By Wendy Goldstein, Fuqua marketing and communications staff
Fuqua’s Cross Continent MBA students travel to international residencies where they learn from top business leaders in the region. Recently I joined the class of 2015 during for their studies in New Delhi.
During my visit I was fortunate enough to attend a talk by Raj Jain, the CEO of The Times Group of India, who took time out of his busy schedule to speak candidly to our students about his first 100 days as CEO. The Times Group of India is a multimedia conglomerate that besides newspaper, has successfully entered the TV, radio, internet and outdoor spaces.
Jain comes from a strong consumer goods and marketing background having had leadership roles at Walmart India and Whirlpool India, among others. So a few months ago when he took the reins at the 175-year-old Times Group, he did so without any media industry expertise. Reflecting on his first 100 days, Jain spoke about how he considers the first 30 to 60 as his golden period. During this time, he began to envision where he would take the company and the talent and leadership he would need to bring in to get there.

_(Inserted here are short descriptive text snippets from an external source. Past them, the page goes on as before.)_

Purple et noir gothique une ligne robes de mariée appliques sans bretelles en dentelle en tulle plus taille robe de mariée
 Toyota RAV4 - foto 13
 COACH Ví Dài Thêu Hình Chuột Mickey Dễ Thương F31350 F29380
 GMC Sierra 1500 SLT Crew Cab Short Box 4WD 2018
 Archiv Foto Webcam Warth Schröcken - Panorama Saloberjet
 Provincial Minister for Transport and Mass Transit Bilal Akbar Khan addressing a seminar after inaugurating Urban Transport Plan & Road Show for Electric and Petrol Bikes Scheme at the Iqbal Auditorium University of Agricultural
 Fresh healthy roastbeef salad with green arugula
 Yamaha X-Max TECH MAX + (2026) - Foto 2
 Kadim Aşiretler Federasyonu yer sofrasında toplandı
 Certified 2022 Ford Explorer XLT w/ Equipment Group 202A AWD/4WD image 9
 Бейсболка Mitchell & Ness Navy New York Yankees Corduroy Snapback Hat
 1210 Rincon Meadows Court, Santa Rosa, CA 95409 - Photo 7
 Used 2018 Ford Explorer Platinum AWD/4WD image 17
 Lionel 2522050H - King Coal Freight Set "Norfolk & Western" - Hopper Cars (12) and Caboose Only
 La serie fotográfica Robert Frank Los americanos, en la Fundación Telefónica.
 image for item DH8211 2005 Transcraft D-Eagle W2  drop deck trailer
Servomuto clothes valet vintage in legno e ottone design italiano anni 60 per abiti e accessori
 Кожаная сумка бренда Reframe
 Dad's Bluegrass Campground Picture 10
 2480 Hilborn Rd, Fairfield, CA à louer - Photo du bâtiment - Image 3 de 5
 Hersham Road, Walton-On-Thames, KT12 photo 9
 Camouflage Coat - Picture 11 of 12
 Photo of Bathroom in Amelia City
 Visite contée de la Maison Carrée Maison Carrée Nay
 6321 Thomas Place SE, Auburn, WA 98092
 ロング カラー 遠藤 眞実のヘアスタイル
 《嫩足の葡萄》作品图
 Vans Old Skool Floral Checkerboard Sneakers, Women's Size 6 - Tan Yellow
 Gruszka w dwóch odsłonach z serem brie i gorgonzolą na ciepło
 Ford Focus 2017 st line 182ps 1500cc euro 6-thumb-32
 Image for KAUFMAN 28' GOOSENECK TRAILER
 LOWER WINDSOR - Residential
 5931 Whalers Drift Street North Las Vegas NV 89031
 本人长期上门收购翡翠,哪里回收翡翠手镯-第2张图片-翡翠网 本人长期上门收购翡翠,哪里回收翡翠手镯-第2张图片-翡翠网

I left Jain’s keynote address with a few takeaways that new leaders sometimes overlook.
- When you bring in new management, it’s always wise to blend the old with the new. You want to have historical knowledge of the company and its customers, but you also want to mix in new people with fresh ideas.
- First impressions are your most important. Before meeting with customers and other outside groups, you really need to know your business and its people. Therefore, try to avoid external distractions in the early going. Be it media, community or other such invites, it’s OK to say ‘no’ initially and allow time to focus on understating the internal dynamics.
- When scaling your business, you should get the unit model right before you replicate it. Otherwise you’ll multiply your mistakes.
- When you begin working at a new company, you should always leave room for change because you’ll never know everything in your first 100 days.
- Get to know your board because that is a place you can have frank conversations.
- Execution is everything and building this skill is critical to a successful career.
- And finally, humility is a very important characteristic for a CEO.
A CEO’s first 100 days seem to be a time of great learning, a time to build consensus and a time for figuring out how to successfully lead your company. But according to Jain, it is still a time when humility allows you to say “I don’t know, I’m new.”